Alcune di queste aziende-utenti si sono trovate, di fatto, ad avere dei sistemi "perfetti sulla carta", ma che non tenevano conto della realtà e che sono stati sistematicamente rifiutati dalle persone che avrebbero dovuto utilizzarli e/o diffonderli sia in azienda sia presso i Business Partner (fornitori, canali di vendita, clienti finali). Questi problemi non erano tanto dovuti ai sistemi (ERP, CRM, ecc.) in quanto tali, ma a fattori psicologici (timore di essere sostituiti dalla tecnologia) o al fatto che i tool, se non sono alimentati con i dati necessari, non possono fornire output utili per una corretta gestione dell'azienda.

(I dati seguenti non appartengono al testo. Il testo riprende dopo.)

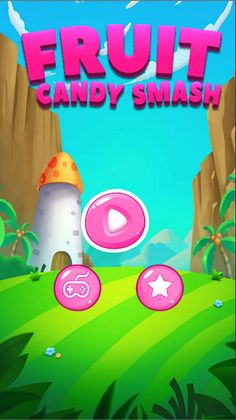 Candy Matching Smash - Screenshot 1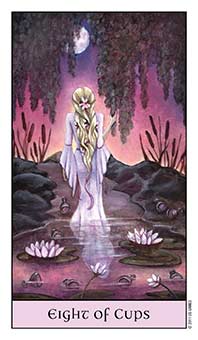 Eight of Cups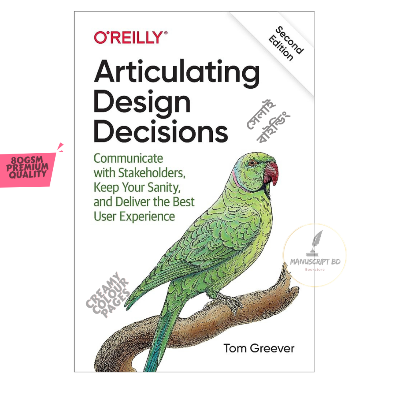 Picture of Articulating Design Decisions by Tom Greever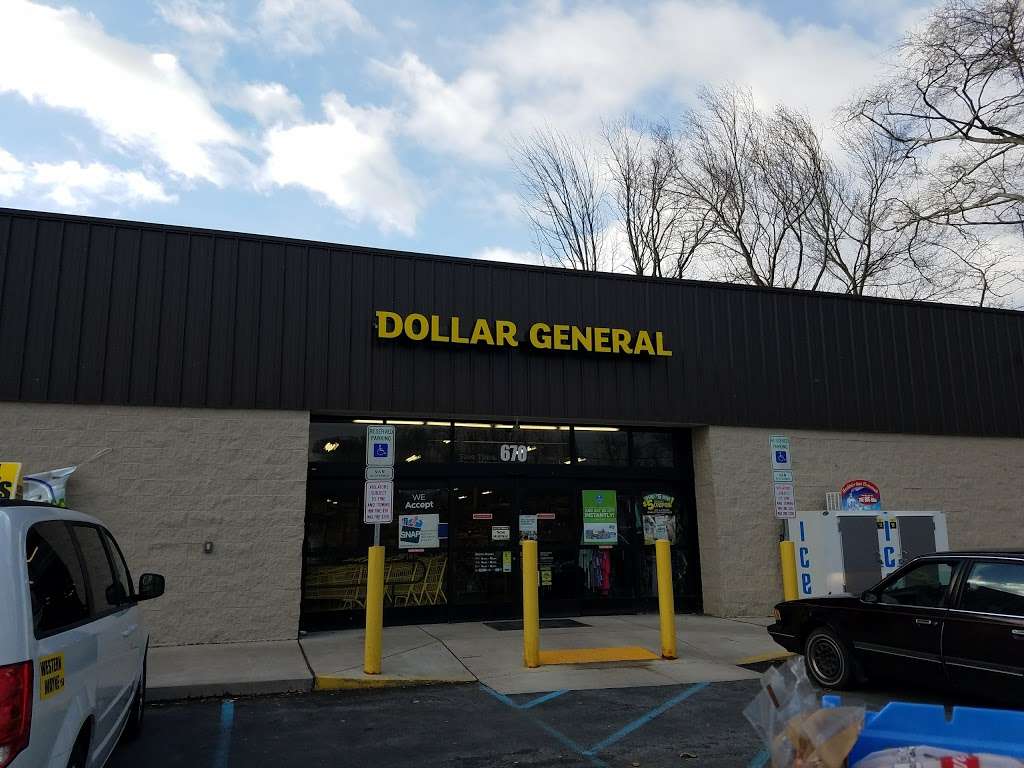 Dollar General | 670 Roosevelt Hwy, Waymart, PA 18472, USA | Phone: (570) 228-2630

Il nuovo approccio agli investimenti che seguiranno le aziende, è diverso rispetto al passato: gli investimenti saranno sempre più mirati, i progetti contenuti nei tempi e nell'impatto economico. Tale approccio faciliterà anche l'impatto sulla "cultura aziendale". I settori di investimento più probabile sono quelli legati allo sviluppo e al monitoraggio del business, agli indicatori di performance, al miglioramento della conoscenza del mercato, all'ingegnerizzazione della ricerca e sviluppo. In pratica: integrazione tra piattaforme applicative (EAI), Business Intelligence, Datawarehousing, CRM, Product Lifecycle Management (PLM). 

Inoltre, le aziende chiederanno sempre più soluzioni complete ed onnicomprensive che tengano conto della globalità dei fattori critici che entrano nel progetto: non sarà più sufficiente avere una profonda conoscenza delle soluzioni applicative/tecnologiche, ma sarà indispensabile "costruire" con il cliente le "nuove soluzioni" avendo una significativa competenza del suo business.

Da quanto esposto emerge che il processo di cambiamento e di adozione delle tecnologie IT avanzate non è semplice e va costruito intorno a vari fattori: 
- Approccio non solo tecnologico 
- Comprensione da parte dei partner (vendor, consulenti, SI) delle logiche e delle problematiche di gestione tipiche di ciascuna singola Impresa, 
- Aspetti Culturali e Formativi 
- Coordinamento tra vendor, consulenti di management ed utente 
- Investimento visto dall'impresa come fattore di sviluppo e non come semplice costo 
- Ricerca del partner giusto che possa dare adeguata attenzione alle esigenze dell'utente oltre che qualità e continuità del servizio.

Estrapolando le considerazioni oltre l'area IT, il sistema delle imprese italiane avrà la possibilità di superare la sua crisi (prevalentemente strutturale e non solo congiunturale) e competere con successo solo affrontando la sfida su più fronti: 
1) l'impresa utente dovrà cambiare ed accrescere la cultura aziendale; 
2) l'offerta di innovazione (metodologie, tecnologie, formazione, ecc.) dovrà agire come "vero" business partner per il cambiamento; 
3) tutti gli attori (vendor, consulenti, utenti, ecc.) dovranno collaborare insieme in maniera costruttiva.